## [Exercise]
Lines from the one with "Lunaris, Astronaut, 1st" up to and including the one with "Verpleegster Pouch Heuptas" are to be copied exactly from the records below, without their pictures.

## [Stored data]
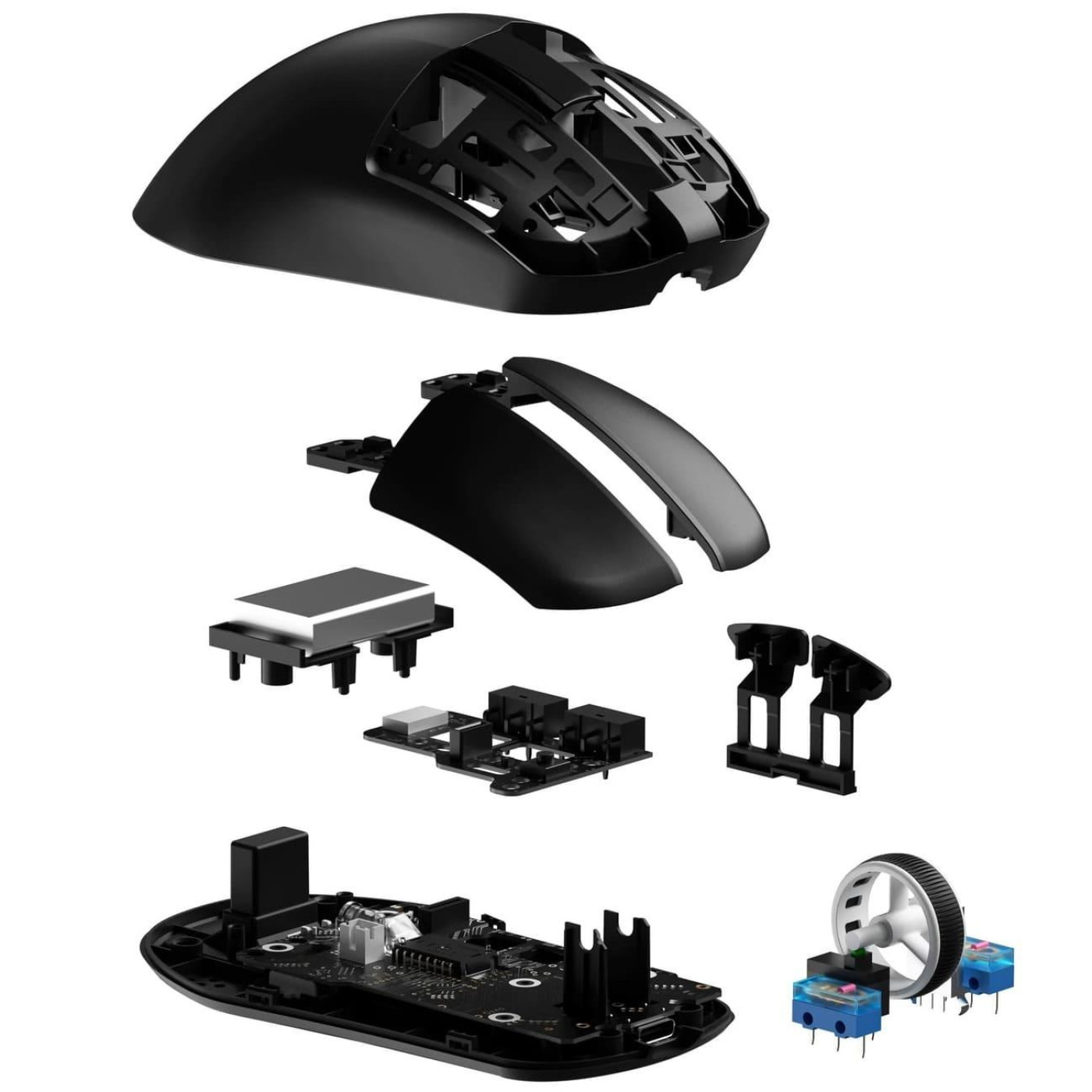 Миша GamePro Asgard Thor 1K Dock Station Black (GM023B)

---

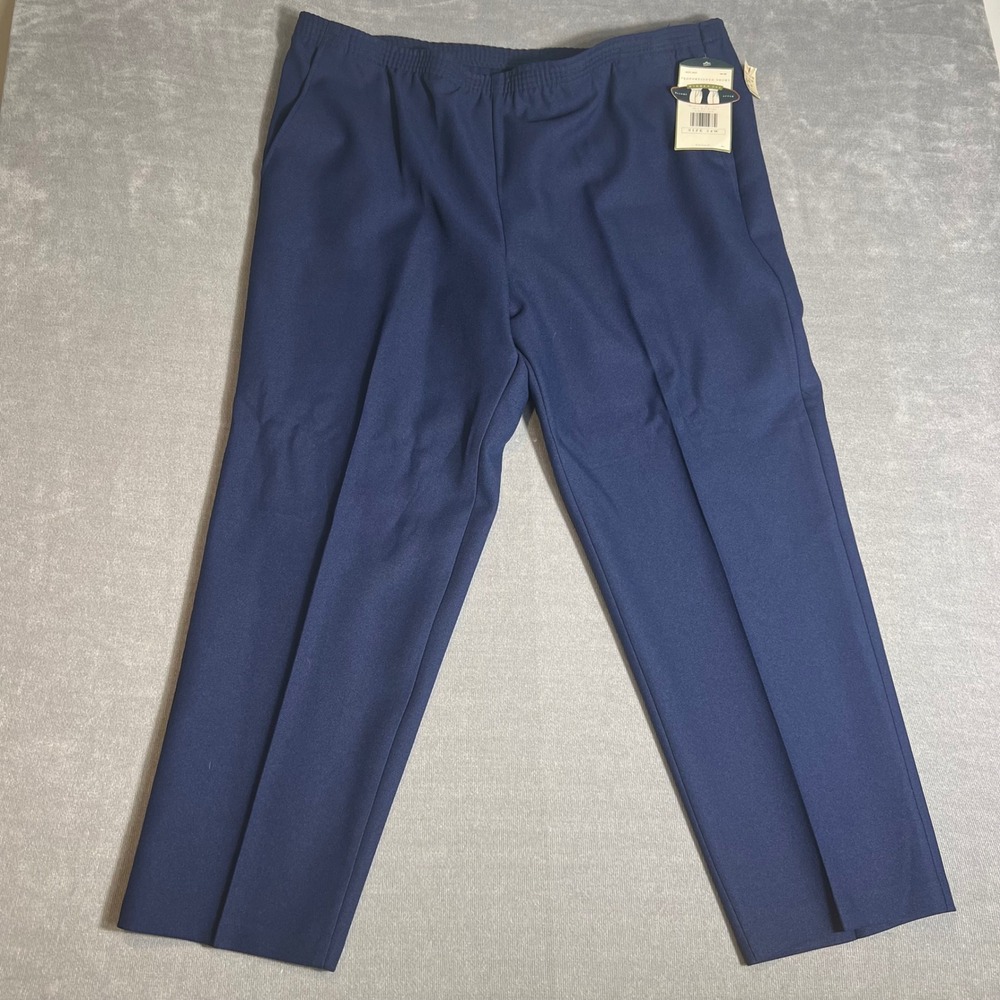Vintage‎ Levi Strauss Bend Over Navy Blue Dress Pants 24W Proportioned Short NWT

...

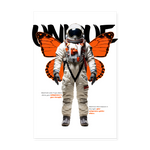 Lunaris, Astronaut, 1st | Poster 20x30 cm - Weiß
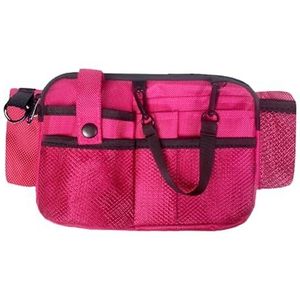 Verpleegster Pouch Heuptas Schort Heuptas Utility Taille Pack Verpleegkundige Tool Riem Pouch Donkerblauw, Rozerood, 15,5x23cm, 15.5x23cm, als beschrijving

## [Result of the exercise]
 Lunaris, Astronaut, 1st | Poster 20x30 cm - Weiß
 Verpleegster Pouch Heuptas Schort Heuptas Utility Taille Pack Verpleegkundige Tool Riem Pouch Donkerblauw, Rozerood, 15,5x23cm, 15.5x23cm, als beschrijving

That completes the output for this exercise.